New Line Cinema is a film studio owned by Warner Bros. Discovery. It is a subsidiary of Warner Bros. since 2008.

The studio got its start in 1967, built by Robert Shaye to show foreign and art films to college campuses in America. The studio started off by releasing several classic foreign films, as well as the works of John Waters. Before long, it finally got to make its own film, Stunts in 1976; it was released in 1977 to critical apathy but marginal financial success.

The '80s started off as usual for New Line Cinema. It made a number of horror flicks (such as the original Evil Dead), kept releasing foreign and art movies, and got hit hard with a financial dearth. It finally managed to strike gold in 1984, when it distributed A Nightmare on Elm Street, which managed to be an instant success, no doubt helped by its minuscule budget (leading to NLC's nickname, "The House That Freddy Built"). In the following years, New Line Cinema kept hitting hard with horror films and other fare.

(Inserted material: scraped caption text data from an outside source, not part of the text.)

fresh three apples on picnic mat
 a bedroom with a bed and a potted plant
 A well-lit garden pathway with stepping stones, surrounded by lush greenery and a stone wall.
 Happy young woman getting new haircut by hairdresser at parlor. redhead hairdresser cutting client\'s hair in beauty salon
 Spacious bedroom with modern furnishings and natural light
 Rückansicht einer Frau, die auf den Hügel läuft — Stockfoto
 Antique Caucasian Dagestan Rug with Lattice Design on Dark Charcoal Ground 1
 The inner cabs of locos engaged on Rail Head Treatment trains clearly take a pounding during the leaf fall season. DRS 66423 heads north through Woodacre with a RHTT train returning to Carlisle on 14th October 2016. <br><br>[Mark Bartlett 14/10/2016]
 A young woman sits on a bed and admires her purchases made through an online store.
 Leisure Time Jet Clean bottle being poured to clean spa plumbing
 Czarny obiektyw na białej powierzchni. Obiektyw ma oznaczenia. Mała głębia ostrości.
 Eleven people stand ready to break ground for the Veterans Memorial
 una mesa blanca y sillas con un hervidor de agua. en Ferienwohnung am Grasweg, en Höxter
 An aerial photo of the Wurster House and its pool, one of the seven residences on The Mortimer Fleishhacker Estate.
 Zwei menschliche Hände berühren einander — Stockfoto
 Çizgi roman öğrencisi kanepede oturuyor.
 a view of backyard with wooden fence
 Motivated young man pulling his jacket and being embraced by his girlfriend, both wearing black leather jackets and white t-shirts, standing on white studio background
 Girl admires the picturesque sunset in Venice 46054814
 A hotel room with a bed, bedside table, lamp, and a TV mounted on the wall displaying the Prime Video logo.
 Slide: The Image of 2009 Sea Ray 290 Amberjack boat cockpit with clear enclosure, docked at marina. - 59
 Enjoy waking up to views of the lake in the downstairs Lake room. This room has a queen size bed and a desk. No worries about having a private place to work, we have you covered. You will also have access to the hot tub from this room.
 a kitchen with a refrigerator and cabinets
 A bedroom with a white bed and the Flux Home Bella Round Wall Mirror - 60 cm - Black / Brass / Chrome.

For a time in the early 1990s, NLC and Carolco Pictures had a joint venture called Seven Arts (not to be confused with several other companies that went under that name, including one that eventually became part of Warner Bros.), which primarily released a mix of Carolco's lower-budget films and some arthouse pictures. It didn't last too long and it was gone by 1993 (these films are mostly owned by StudioCanal these days as part of the Carolco library they acquired).

In 1994, New Line was purchased by Turner Broadcasting, and began distributing some of Turner's in-house theatrical productions (under the banner of Turner Pictures) in theaters (home video releases were under Turner's own home video arm {which also assumed distribution for New Line Home Video titles from Columbia TriStar Home Video, who'd been distributing a majority of NLC titles on VHS since the mid 80s} and lacked any NLC references); Turner itself was bought out by Time Warner two years later. At first, it was kept separate from the company's other studio subsidiaries (sister studio Castle Rock Entertainment was run as part of Warner Bros. starting in 1999).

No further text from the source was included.